(Input for this task):
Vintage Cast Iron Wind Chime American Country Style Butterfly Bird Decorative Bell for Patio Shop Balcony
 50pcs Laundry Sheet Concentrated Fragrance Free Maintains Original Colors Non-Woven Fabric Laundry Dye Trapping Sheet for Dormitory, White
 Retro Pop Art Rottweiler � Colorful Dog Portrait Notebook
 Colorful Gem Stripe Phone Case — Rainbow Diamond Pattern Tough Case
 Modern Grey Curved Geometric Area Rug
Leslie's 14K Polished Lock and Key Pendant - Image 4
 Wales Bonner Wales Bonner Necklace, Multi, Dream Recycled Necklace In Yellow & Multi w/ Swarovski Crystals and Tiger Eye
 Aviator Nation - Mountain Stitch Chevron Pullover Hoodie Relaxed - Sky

--

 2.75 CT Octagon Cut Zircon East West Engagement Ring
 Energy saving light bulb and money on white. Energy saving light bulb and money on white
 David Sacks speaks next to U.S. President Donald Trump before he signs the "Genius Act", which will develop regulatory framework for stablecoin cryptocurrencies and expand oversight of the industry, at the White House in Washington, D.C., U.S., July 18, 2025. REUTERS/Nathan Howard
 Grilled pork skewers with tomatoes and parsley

(Task to carry out): With the line holding "2.75 CT Octagon" as the first and the line holding "Grilled pork skewers" as the last, please transcribe exactly the lines of the material above in that range and nothing else.

(Task result):
 2.75 CT Octagon Cut Zircon East West Engagement Ring
 Energy saving light bulb and money on white. Energy saving light bulb and money on white
 David Sacks speaks next to U.S. President Donald Trump before he signs the "Genius Act", which will develop regulatory framework for stablecoin cryptocurrencies and expand oversight of the industry, at the White House in Washington, D.C., U.S., July 18, 2025. REUTERS/Nathan Howard
 Grilled pork skewers with tomatoes and parsley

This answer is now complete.